Homeless advocates unveil giant Advent calendar of ‘truths’

Rob Dalrymple reads a &quottruth" about homelessness from an Advent calendar-like display in Portland's Monument Square on Monday Dec. 17, 2012, during an event put on by Homeless Voices for Justice.
Troy R. Bennett
Rob Dalrymple reads a "truth" about homelessness from an Advent calendar-like display in Portland's Monument Square on Monday Dec. 17, 2012, during an event put on by Homeless Voices for Justice. Buy Photo
By Seth Koenig, BDN Staff
Posted Dec. 17, 2012, at 2:02 p.m.

PORTLAND, Maine — Members of a Portland homeless advocacy group turned to a familiar holiday prop Monday in an effort to dispel what they said are common misconceptions about people living in shelters or on the streets.

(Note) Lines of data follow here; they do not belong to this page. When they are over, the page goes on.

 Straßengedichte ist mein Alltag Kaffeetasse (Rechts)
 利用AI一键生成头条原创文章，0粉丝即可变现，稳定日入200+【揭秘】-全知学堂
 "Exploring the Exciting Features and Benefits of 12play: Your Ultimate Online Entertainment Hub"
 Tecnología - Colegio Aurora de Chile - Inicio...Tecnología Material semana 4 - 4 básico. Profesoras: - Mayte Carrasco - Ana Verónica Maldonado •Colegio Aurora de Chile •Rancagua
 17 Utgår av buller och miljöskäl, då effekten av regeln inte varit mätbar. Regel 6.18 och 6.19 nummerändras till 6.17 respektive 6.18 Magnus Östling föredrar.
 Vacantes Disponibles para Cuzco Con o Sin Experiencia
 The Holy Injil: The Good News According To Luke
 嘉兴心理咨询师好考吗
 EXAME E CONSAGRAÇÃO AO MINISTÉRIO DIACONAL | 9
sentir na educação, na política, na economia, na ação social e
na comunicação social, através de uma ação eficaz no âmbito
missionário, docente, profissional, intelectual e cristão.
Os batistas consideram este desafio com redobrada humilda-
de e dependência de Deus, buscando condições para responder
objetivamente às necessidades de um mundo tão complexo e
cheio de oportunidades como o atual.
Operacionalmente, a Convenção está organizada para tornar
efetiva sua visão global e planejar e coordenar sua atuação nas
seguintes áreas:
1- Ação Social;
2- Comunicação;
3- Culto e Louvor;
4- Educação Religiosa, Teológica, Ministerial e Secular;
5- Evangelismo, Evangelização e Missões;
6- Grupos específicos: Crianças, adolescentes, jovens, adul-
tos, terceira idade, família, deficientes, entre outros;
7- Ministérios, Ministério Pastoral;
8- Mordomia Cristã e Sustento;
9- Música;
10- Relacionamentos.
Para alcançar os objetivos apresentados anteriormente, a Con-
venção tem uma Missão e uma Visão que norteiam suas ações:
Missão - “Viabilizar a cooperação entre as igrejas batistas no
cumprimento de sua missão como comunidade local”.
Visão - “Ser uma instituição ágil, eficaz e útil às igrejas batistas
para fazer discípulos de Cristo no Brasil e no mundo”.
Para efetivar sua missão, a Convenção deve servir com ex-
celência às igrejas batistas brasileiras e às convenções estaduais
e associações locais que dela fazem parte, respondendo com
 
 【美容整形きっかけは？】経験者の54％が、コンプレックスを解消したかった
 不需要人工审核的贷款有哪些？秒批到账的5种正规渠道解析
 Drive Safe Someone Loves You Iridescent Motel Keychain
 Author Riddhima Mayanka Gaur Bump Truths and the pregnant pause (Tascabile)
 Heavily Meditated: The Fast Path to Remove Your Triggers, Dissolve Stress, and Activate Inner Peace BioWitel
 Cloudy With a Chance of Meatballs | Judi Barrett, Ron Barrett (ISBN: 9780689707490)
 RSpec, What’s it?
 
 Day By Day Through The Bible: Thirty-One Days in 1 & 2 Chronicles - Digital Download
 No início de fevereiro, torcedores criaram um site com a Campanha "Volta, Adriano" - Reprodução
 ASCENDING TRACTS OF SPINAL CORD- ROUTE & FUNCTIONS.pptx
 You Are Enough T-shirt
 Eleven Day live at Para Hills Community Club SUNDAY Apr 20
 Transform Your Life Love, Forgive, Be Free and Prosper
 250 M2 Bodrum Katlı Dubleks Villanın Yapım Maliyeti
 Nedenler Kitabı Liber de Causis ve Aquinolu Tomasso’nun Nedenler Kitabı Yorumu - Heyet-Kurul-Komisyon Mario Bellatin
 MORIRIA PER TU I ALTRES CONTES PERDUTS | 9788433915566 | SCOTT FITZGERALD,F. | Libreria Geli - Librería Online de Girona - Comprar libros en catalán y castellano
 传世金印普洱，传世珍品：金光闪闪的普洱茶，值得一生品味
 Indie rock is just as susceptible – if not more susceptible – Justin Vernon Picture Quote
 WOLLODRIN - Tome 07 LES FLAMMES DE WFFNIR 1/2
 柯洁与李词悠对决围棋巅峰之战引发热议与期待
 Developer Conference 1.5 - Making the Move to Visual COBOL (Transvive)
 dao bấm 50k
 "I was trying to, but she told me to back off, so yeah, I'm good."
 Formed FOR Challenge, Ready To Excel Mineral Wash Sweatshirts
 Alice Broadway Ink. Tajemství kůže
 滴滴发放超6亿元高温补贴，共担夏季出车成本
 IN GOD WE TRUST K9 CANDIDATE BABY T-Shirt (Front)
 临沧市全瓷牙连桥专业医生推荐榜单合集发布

Representatives of Homeless Voices for Justice unveiled an eight-foot-tall house-shaped Advent calendar, in which 10 doors and windows were opened to unveil the 10 “Truths of Homelessness.”

The public outreach event took place in the midst of an ongoing debate in Portland about a slate of recommendations made to the city council by a specially appointed task force on homelessness. The task force has urged city leaders to invest in a centralized intake location that can match homeless individuals with appropriate services and programs, as well as 105 more specialized housing units for the chronically homeless, among other recommendations.

The Portland Community Chamber of Commerce has responded to the task force plan with its own document posing the question of whether the city’s extensive network of service providers and shelter accommodations make Portland “too attractive” to homeless people, citing increases in the homeless population in recent years and the fact that two-thirds of the city’s shelter seekers come from outside Portland.

Approximately 440 people in Portland seek shelter every night, an increase of about 25 percent compared to even last year at this time, which was a previous high mark.

“A lot of [the Chambers concerns were based on] misconceptions,” said Jim Devine, who previously lived homeless in Portland and is now a member of Homeless Voices for Justice. “We want them to realize that homeless people are people first of all.”

Group spokesman Thomas Ptacek led the Advent calendar unveiling Monday in the swirling snowfall in Monument Square, saying each year the organization holds some kind of holiday event.

“This year, what we were focused on was getting out the truths about homelessness,” he said. “There are a lot of myths and misconceptions floating around out there.”

The 10 “truths” revealed by the group Monday were:

1. Homeless people are brothers and sisters, fathers and mothers, family and friends — members of our community.

2. Homelessness is difficult and depressing. People use a homeless shelter because they have no choice — or the [alternative] is worse than sleeping on a 4-inch mat on the floor inches apart from [another] person.

3. One in three Maine people don’t have enough income to meet even the basic needs of life.

4. “Being homeless is being totally alone — bankrupt without hope.” [A quotation by Devine]

5. Many homeless people work or are trying to get work.

6. Some landlords and employers shut the door when they find out you are homeless, because of stereotypes and misperceptions.

7. More than 200,000 Mainers are food insecure. That is more than the total population of Maine’s five largest cities combined. Preble Street soup kitchen alone serves more than 1,200 meals every day.

8. “There is no dignity in dying in a shelter or on the streets. We all deserve the dignity of dying at home in peace.” [A quotation by longtime homeless advocate Steve Huston, who died in October]

9. Homeless services keep people alive.

10. Homelessness can happen to anyone. You can lose your job, your health, your marriage, your insurance, your house; the reasons are many, but any one of them can land you on the streets.